The B-side of the Byrds' single was the traditional song "Oil in My Lamp", although there are copies of the single known to exist with the Goffin-King song "Wasn't Born to Follow" on the B-side instead. The Byrds' recording of "Wasn't Born to Follow" first appeared on their 1968 album, The Notorious Byrd Brothers, but since it had been featured prominently in Easy Rider, Columbia Records saw fit to include the song on some copies of "Ballad of Easy Rider". CBS Records in the United Kingdom went a step further by reissuing "Wasn't Born to Follow" as the A-side of a single in September 1969, in the hopes that it might provide the Byrds with a fluke hit (although it failed to chart).

"Ballad of Easy Rider" was first introduced into the Byrds' live concert repertoire during February 1969 and would go on to be performed relatively frequently throughout the rest of the year and into 1970. However, the song was played only rarely between 1971 and the band's break-up in 1973. In addition to its appearance on the Ballad of Easy Rider album, the song can also be found on several Byrds' compilations, including The Best of The Byrds: Greatest Hits, Volume II, History of The Byrds, The Very Best of The Byrds, and The Essential Byrds.

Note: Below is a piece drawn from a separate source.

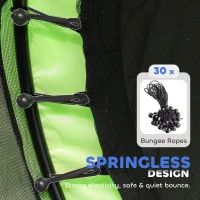 AIYAPLAY 4.6ft Toddler Trampoline w/ Safety Enclosure Net, for Indoor Outdoor Use, Ages 3-6 Years, Green(m-6)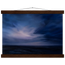 Blue Hour Field: night, horizon and deep blue. Fine art poster, alternate frame and size.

An extended, alternate mix of the song, featuring more prominent percussion and Clarence White's lead guitar solo (which had been edited out of the version found on the album), was included as a bonus track on the 1997 Columbia/Legacy reissue of Ballad of Easy Rider. In addition, a live performance of the song, recorded at the Felt Forum in New York City on March 1, 1970, was included as a bonus track on the remastered (Untitled) album in 2000.

==Cover versions==
"Ballad of Easy Rider" has been covered by the British folk rock band Fairport Convention and their version of the song was included as a bonus track on the 2003 re-release of the band's 1969 album, Unhalfbricking.

A live cover by Tom Petty and the Heartbreakers from 1987, which the band dedicated to River Phoenix, was featured on the deluxe edition of their career-spanning set, The Live Anthology.